A partir de entonces, las relaciones entre Ankara y Tel Aviv llegaron a un punto de ruptura. El distanciamiento pasó a la guerra de palabras desde el inicio de la ofensiva de Israel en Gaza en 2023 y recientemente se ha intensificado con el intercambio de mensajes incendiarios y con el reconocimiento por parte de Israel del genocidio del pueblo armenio perpetrado por los otomanos en 1915.
“La rivalidad de Turquía con Israel se ha convertido en una limitación estructural que condiciona prácticamente todos los asuntos regionales: Siria, el Mediterráneo oriental, el cabildeo en Washington y el corredor del mar Rojo”, asegura Asli Aydintasbas, investigadora del Centro de Estudios sobre Europa y Estados Unidos en el Instituto Brookings. “La política estadounidense debería afianzar a Turquía en la OTAN, gestionar la rivalidad turco-israelí antes de que derive en un conflicto armado”.
La rivalidad turco-israelí se desenvuelve en varios escenarios.

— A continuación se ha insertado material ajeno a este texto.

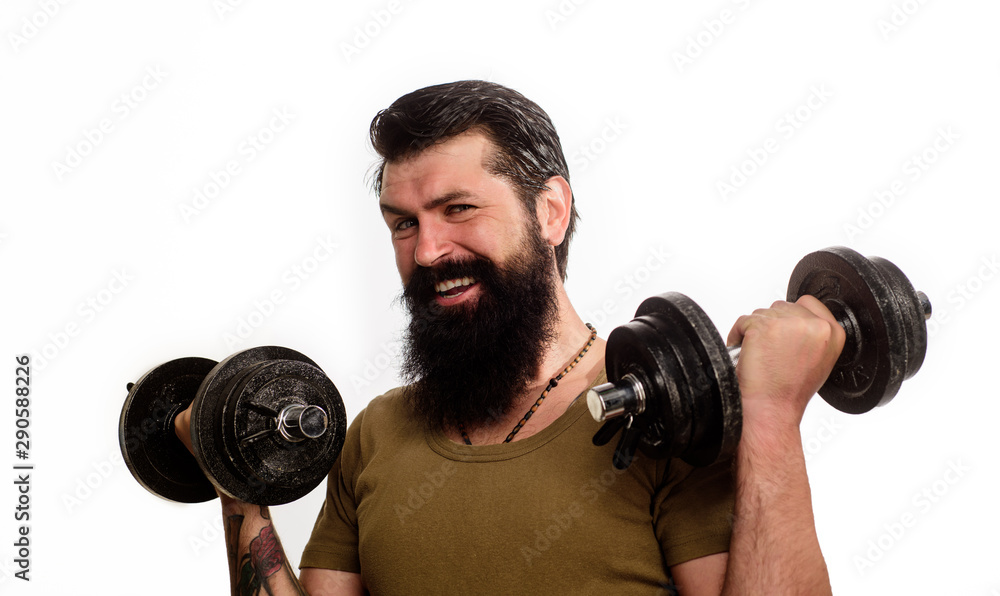 Happy man with dumbbells. Bearded man with dumbbells during an exercise. Muscular fitness man making weightlifting. Strong handsome sportsman working out with dumbbells. Man raising dumbbells. Happy man with dumbbells. Bearded man with dumbbells during an exercise. Muscular fitness man making weightlifting. Strong handsome sportsman working out with dumbbells. Man raising dumbbells.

En el Mediterráneo oriental, Turquía muestra recelo por la creciente cooperación militar de Israel con Chipre y Grecia, países con los que mantiene disputas territoriales y por el control de recursos.

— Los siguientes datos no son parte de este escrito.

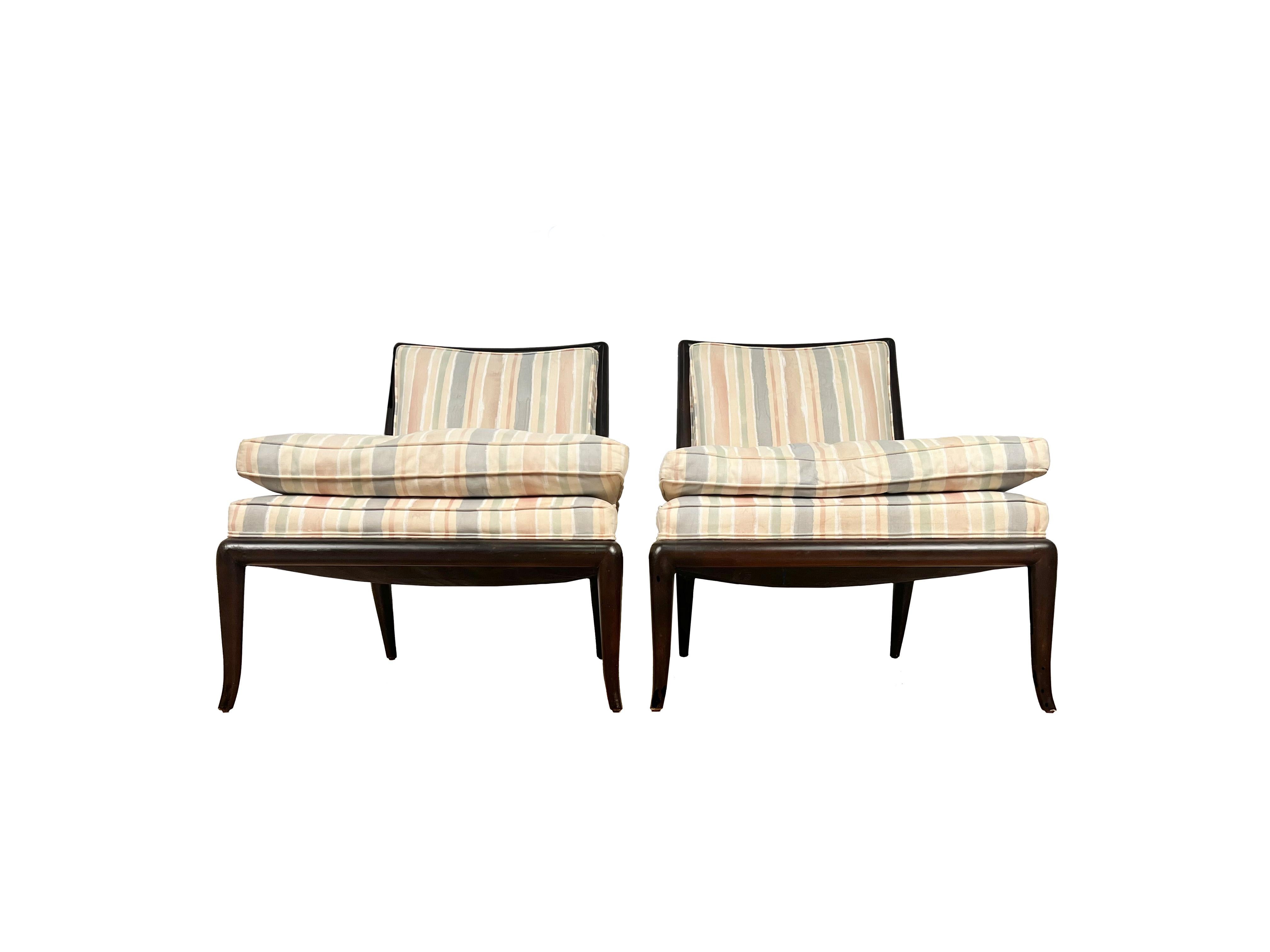 These stunning classic WMB slipper chairs are a timeless and elegant design by T.H.Robsjohn Gibbings and were manufactured by Widdicomb in the 1950s. This versatile pair could be at home in any home or office and work with many different styles. The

En Siria, Israel ve con desconfianza la expansión de la presencia militar y de seguridad turca a través de cooperación en diversos ámbitos. Hay esfuerzo en curso para prevenir el establecimiento permanente de bases militares turcas en el territorio, lo que podría restringir las operaciones aéreas israelíes en la zona. Turquía parece estar decidida a ampliar su influencia en Líbano, blanco de ataques y de ocupación territorial por parte de Israel, argumentando la amenaza de la milicia Hezbolá. Ankara considera a Beirut parte de la seguridad nacional turca.

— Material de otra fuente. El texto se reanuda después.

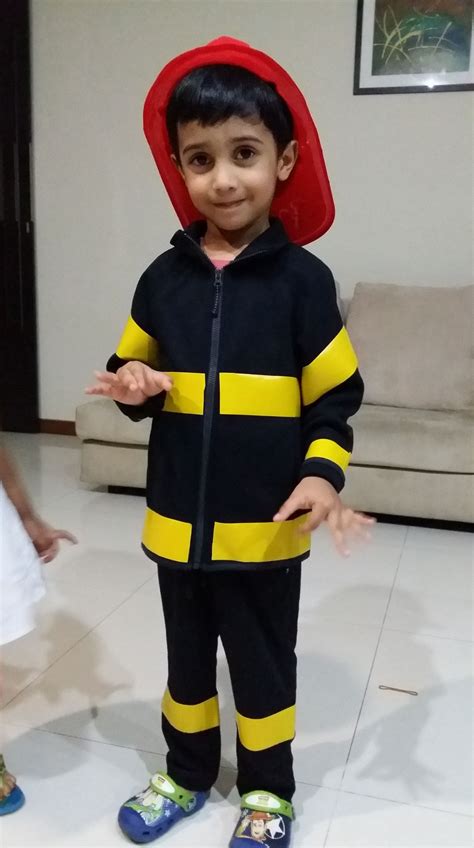 All i did was, bought a roll of yellow cloth tape or duck tape and got started. Quick DIY Fireman Costume | Fireman costume, Diy fireman costumes, Firefighter costume kids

En Palestina, servicios de seguridad israelíes han acusado al gobierno turco de ayudar a Hamas con apoyo logístico, financiero y político. Turquía se ha posicionado como uno de los mayores defensores de causa palestina, que le ha servido para actuar como potencia regional.
A principio de año, los reservistas israelitas, el coronel Gabi Siboni y el general de brigada Erez Winner, en un análisis publicado en el Jerusalem Institute for Strategy and Defense, abordaron el complejo desafío que enfrenta Israel en sus relaciones con Turquía. “Por un lado, Turquía no es un adversario militar directo como Irán, sino un miembro de la OTAN integrado en densas redes económicas y geopolíticas, que incluyen estrechos vínculos con los países occidentales, entre los que destaca EU. Por otro lado, bajo el mandato de Erdogan, Turquía se ha posicionado como la fuerza líder de la hermandad musulmana a nivel mundial”.
Identificaron la diplomacia como el medio más eficaz del que dispone Israel para enfrentar el reto: “La pertenencia de Ankara a la OTAN y sus ambiciones de adquirir relevancia mundial hacen que siga siendo vulnerable a la presión estadounidense y europea”.